At 80, Allen is still going strong turning out one movie a year and even a new TV series for Amazon. The secret he says is eating well and exercising. “It’s pure luck. My dad lived to be 100 and my mom nearly that. If there is anything in heredity I hit the jackpot.”
Initial reviews were decidedly mixed for the film which has the ambitious structure of a novel but, working with famed cinematographer Vittorio Storaro for the first time, everyone agreed the period setting looked stunning. The movie has a lot of classic Allen lines but the best is some sage life advice: “My mother always told me to treat every day like it will be your last and then one day you’ll be right”.
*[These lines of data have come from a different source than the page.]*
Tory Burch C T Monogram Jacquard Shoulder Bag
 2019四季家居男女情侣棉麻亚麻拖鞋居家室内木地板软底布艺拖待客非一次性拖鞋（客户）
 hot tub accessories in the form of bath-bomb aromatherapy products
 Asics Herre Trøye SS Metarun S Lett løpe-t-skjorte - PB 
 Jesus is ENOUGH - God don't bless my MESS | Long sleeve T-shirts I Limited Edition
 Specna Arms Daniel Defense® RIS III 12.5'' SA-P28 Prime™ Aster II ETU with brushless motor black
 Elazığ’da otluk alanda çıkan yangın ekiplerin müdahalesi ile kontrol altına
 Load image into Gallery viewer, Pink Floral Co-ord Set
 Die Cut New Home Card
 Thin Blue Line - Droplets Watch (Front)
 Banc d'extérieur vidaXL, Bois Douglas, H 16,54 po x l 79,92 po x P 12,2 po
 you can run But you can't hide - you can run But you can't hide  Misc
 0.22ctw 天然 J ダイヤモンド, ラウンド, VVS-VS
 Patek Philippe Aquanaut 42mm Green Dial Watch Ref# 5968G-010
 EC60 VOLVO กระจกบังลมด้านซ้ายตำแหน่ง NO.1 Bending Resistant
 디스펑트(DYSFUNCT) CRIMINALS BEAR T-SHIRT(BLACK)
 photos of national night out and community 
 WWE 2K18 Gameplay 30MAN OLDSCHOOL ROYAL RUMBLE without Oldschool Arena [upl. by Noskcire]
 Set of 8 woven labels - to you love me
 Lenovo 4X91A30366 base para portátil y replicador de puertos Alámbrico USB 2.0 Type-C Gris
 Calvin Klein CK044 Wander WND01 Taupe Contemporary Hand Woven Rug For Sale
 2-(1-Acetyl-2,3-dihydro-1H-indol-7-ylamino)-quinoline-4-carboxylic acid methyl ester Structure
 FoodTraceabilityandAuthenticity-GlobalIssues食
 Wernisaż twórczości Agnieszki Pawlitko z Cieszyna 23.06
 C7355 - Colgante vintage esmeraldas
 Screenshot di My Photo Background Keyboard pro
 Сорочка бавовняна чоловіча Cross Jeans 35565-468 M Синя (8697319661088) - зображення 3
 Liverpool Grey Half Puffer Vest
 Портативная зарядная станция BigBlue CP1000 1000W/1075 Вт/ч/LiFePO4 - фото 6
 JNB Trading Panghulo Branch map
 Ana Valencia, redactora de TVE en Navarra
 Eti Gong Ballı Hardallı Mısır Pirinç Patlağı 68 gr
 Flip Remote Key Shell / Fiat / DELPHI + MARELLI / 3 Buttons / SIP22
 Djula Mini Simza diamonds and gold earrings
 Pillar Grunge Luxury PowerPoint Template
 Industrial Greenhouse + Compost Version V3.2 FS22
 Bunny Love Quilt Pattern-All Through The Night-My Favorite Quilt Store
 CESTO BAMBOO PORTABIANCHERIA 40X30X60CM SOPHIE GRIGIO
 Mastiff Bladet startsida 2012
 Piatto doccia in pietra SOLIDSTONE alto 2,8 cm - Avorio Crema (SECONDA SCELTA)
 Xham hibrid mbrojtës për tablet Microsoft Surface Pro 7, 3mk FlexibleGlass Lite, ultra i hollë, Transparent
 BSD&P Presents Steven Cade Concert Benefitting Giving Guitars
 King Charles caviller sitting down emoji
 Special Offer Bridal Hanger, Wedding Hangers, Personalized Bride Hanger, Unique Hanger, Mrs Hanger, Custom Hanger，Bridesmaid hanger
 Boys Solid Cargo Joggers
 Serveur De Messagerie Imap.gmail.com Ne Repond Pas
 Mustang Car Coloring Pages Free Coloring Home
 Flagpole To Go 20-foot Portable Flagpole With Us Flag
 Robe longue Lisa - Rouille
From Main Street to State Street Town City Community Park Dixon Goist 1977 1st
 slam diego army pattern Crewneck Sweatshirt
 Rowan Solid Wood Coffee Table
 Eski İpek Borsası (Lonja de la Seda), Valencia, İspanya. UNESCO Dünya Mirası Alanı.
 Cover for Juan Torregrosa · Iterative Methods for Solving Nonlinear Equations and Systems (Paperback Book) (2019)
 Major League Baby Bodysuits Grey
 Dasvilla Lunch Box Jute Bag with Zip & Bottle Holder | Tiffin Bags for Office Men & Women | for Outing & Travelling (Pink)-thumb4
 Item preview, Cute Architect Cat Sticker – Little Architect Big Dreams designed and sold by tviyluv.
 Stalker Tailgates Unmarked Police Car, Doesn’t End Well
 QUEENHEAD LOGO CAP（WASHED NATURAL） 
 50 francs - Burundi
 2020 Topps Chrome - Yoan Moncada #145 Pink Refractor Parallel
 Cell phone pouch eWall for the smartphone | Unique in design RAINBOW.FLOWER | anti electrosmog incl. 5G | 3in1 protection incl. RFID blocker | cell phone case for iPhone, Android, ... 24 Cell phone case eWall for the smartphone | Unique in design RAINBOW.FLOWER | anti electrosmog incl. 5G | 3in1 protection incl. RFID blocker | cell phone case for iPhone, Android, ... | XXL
I can promise you I appreciated Cafe Society even more once I endured the first competition entry, Romania’s Sieranevada from past Un Certain Regard winner Cristi Puiu (the terrific The Death Of Mr. Lazerescu) who has now moved up to the main competition with this 3(!)-hour talk fest that is basically taking place on one set. And message to Cannes organizers, don’t slot the festivals longest movie, complete with French and English subtitles, as the first to be seen. A lot of us used the time to nod off and try to get over the jet lag. No rest for the bleary at this place. The jury, headed by director George Miller, starts their duties on Thursday when they will be seeing this film and the other 20 some competition entries. Meeting the press today it was actually another 80-year-old who stole the show when actor and first-time juror Donald Sutherland turned every question asked of him into something of a hilarious unrelated story meant to express his opinion, which at this point is that he has no opinion. But one query from a fellow Canadian journalist wanting to know his feeling about Canada’s movie industry really gave him ammunition. “I gave up talking about Canadian cinema a long time ago, ” he cracked. “There’s a very famous story of a British soldier and a French soldier and a Canadian soldier who were captured and sentenced to be shot by a firing squad. They were each given an opportunity to have a last wish. The Brit asked for a cup of tea, the Canadian asked for 15 minutes to talk about Canadian identity, and the Frenchman asked to be shot before the Canadian.” It ended that press conference on a note of raucous laughter from the world’s entertainment press who probably didn’t want to hear about Canadian cinema either.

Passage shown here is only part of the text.